*Exercise data*.
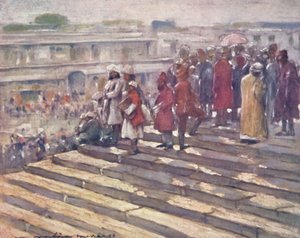 Sur les marches de la mosquée Jumma, 1903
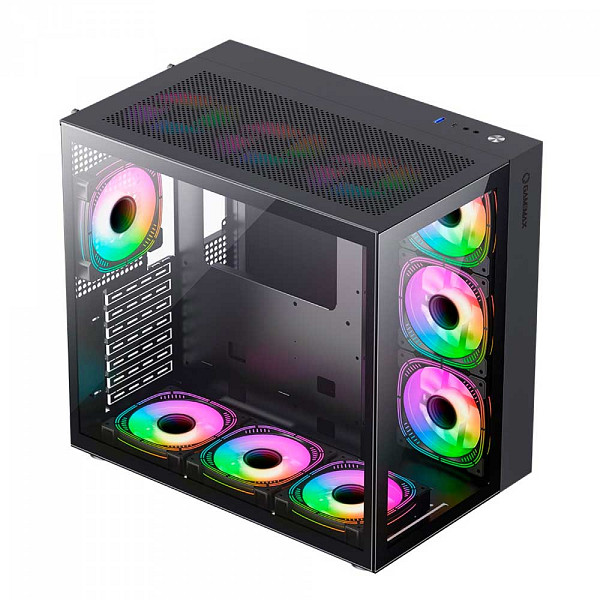 Gabinete Gamer Gamemax Lucent Black, Mid Tower, ATX, Vidro Temperado, Preto, Sem Fans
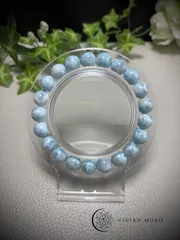 💎天然石   世界三大ヒーリングストーン💎✨️ 高品質   ラリマー    ブレスレット（鑑定書付：ケース付）   レディース＆メンズ     E576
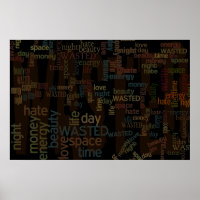 Wasted Words Collage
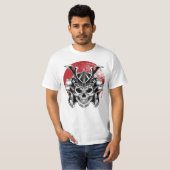 T-shirt Samurai Oni Mask/ Masculina Máscara Samurai Oni (Devant entier)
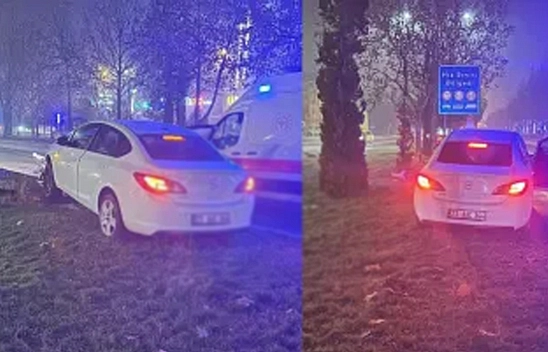 Elazığ'da Otomobil Aydınlatma Direğine Çarptı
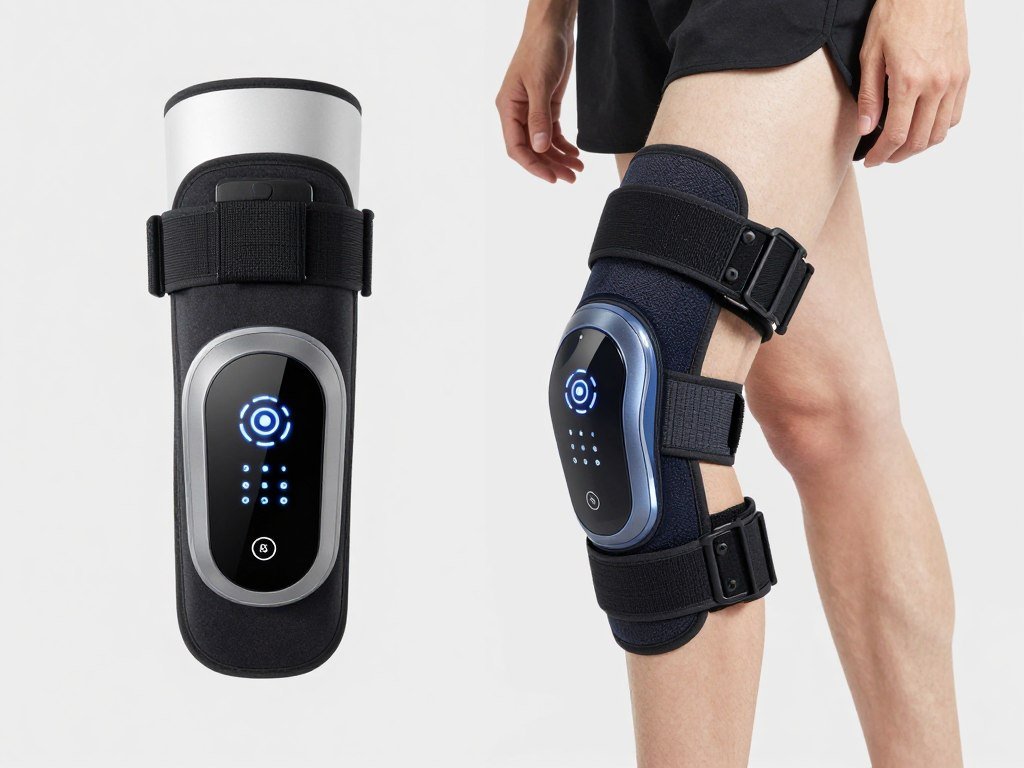 Advanced wearable knee therapy device with digital controls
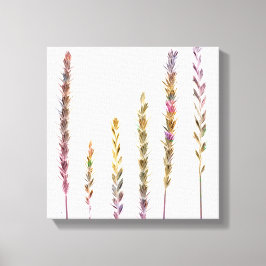 Kleurrijke grassen canvas afdruk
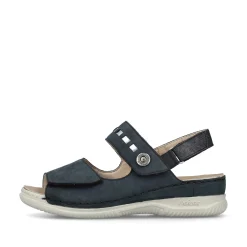 Rieker Damen Riemchensandalen stahlblau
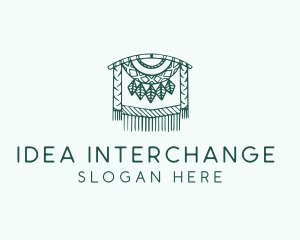 Green Macrame Decoration  logo design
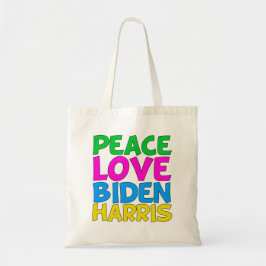 Peace Kärlek Biden Harris Tygkasse
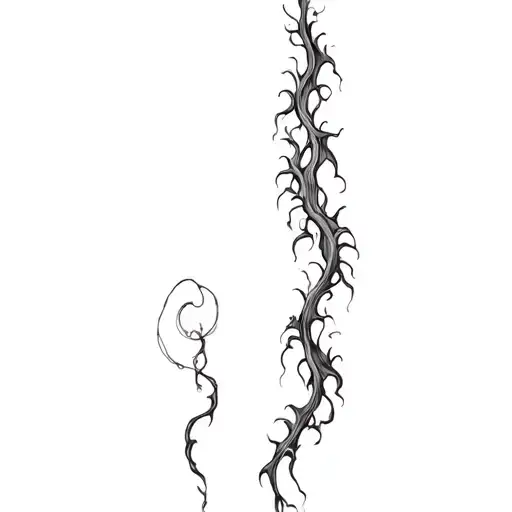 Ayahuasca Vine tendrils tattoo design idea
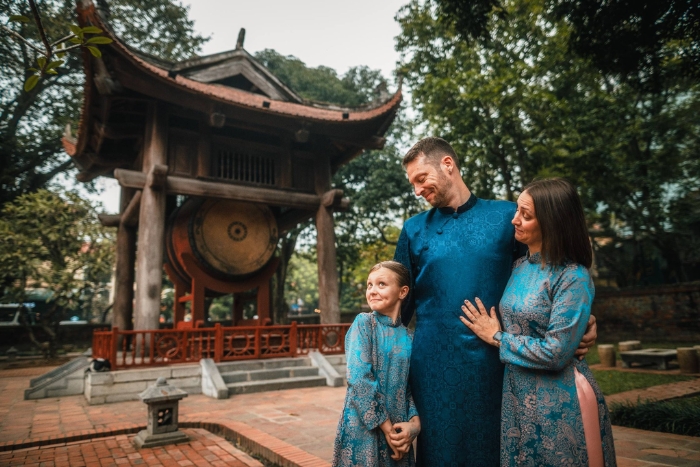 Temple de la Litt&eacute;rature est incontournable pour un circuit Vietnam famille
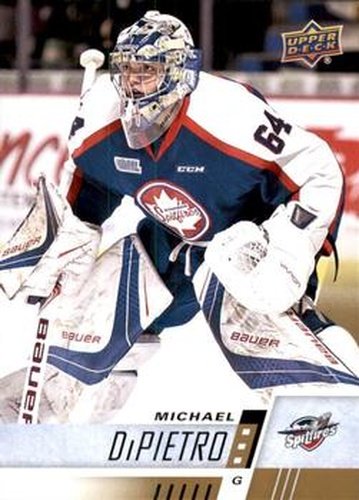 #37 Michael DiPietro - Windsor Spitfires - 2017-18 Upper Deck CHL Hockey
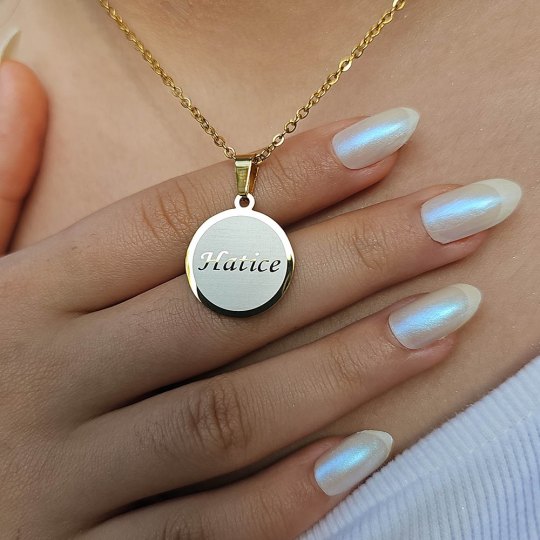 İsimli Kolye, Altın Renk, Minimalist Model, Paslanmaz Çelik İsimli Kolye, Altın Renk, Minimalist Model, Paslanmaz Çelik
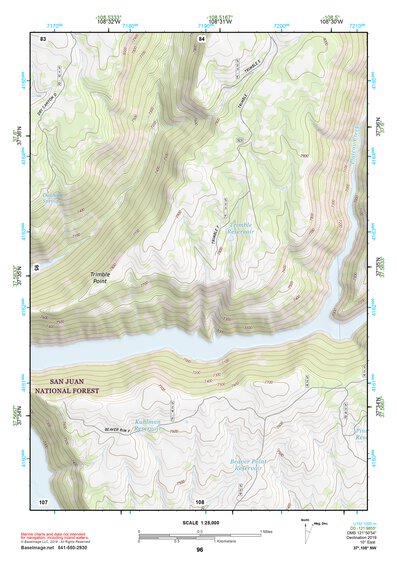 37108NW Page 96 Dove Creek Topo Preview 1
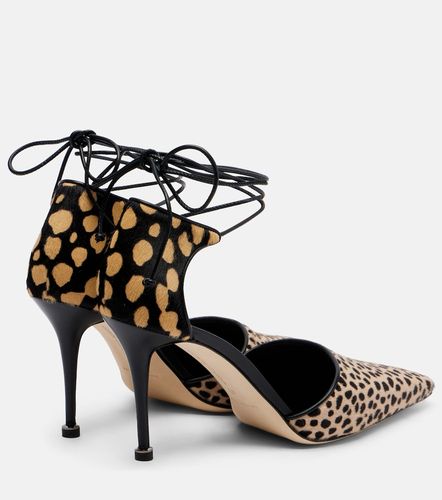 Salones Gambis de pelo de becerro - Manolo Blahnik - Modalova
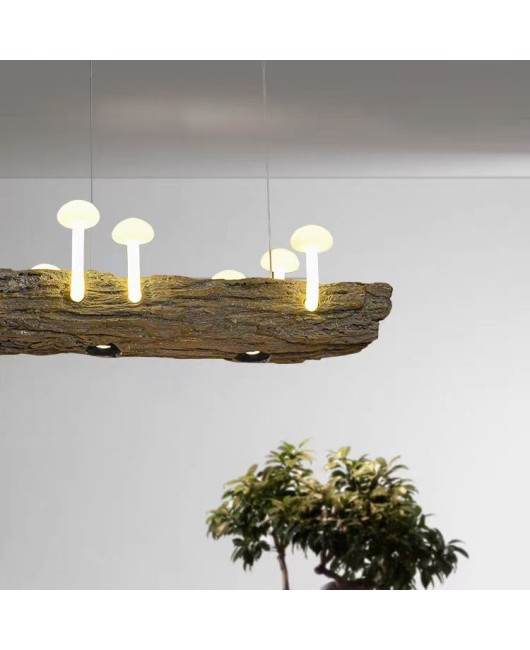 2024 New Nordic Creative Personalized Homestay Art Restaurant Pendant Wabi Sabi Style Restaurant Hotpot Restaurant Mushroom Lamp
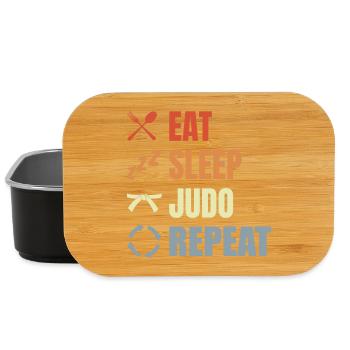 Funny Judo Routine - Lunch Box - black - Front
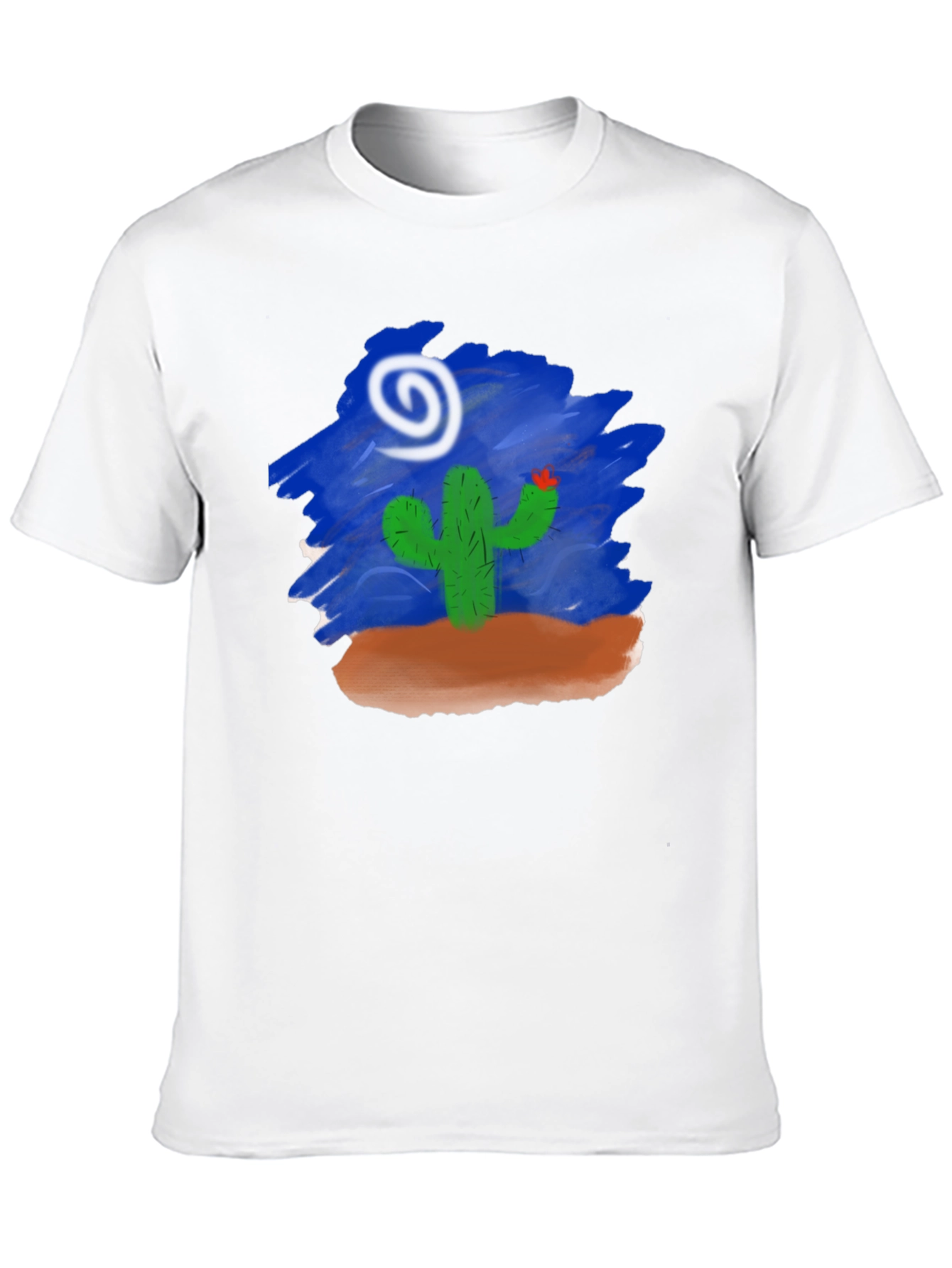 Cactus Desert Graphic T-Shirt - Black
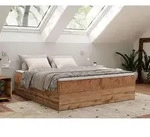 MKS MEBLE Boxspringbett, Polsterbett WOOD ZERO ohne Kopfteil, mit Stauraum &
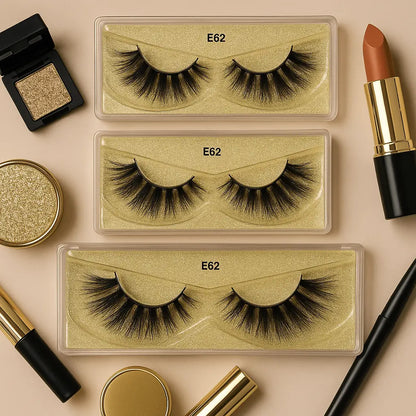 Golden Whisper – E62 Elegant Strip Lash Crown'd Cuties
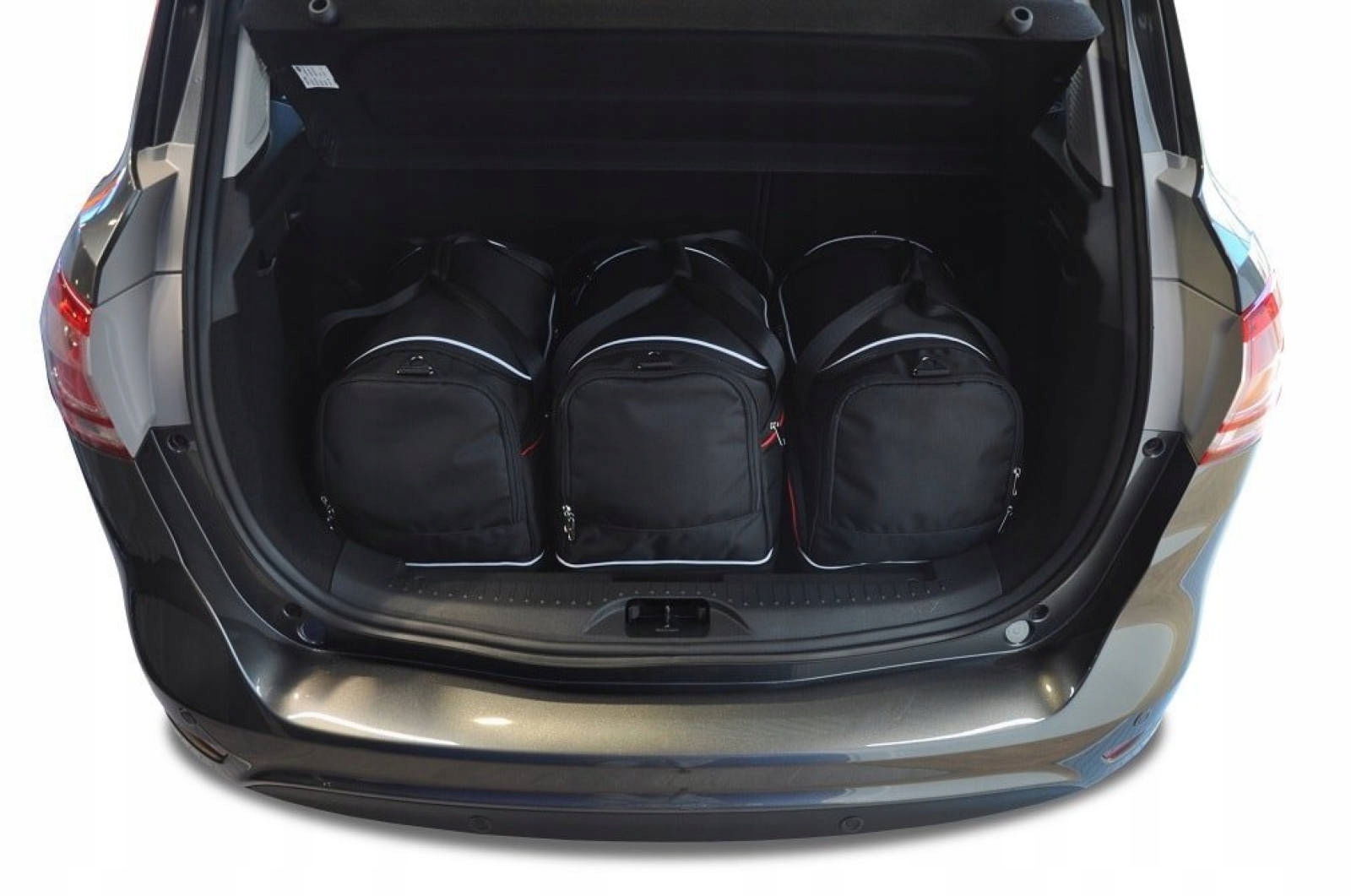 J&j Automotive Sada 3ks cestovných tašiek Sport pre Ford B-Max 2012-2017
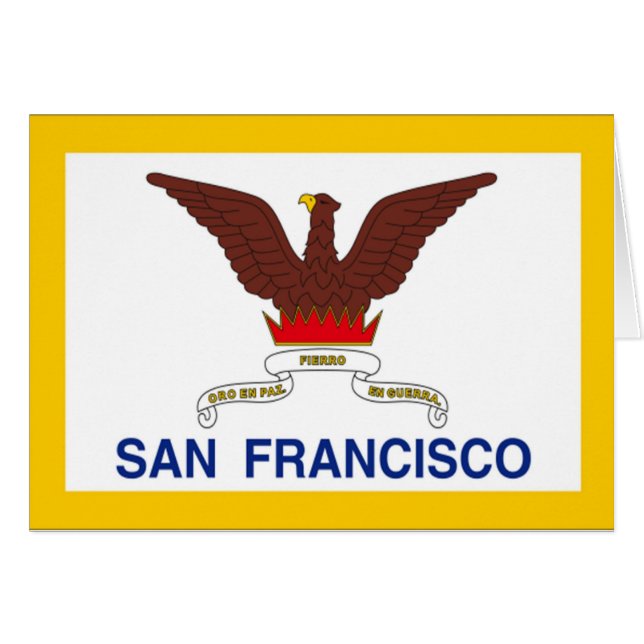 San Francisco Flag (Voorkant Horizontaal)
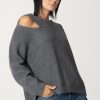 Pinko Maglia Tricot Con Spalla Cut-Out Grigio Rocca Hot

*Exercise*. The result should be a transcript of the lines from the line containing "J&j Automotive Sada" through the end of the listing above, exact, inclusive, and without pictures.

*Answer box*.
 J&j Automotive Sada 3ks cestovných tašiek Sport pre Ford B-Max 2012-2017
 San Francisco Flag (Voorkant Horizontaal)
 Pinko Maglia Tricot Con Spalla Cut-Out Grigio Rocca Hot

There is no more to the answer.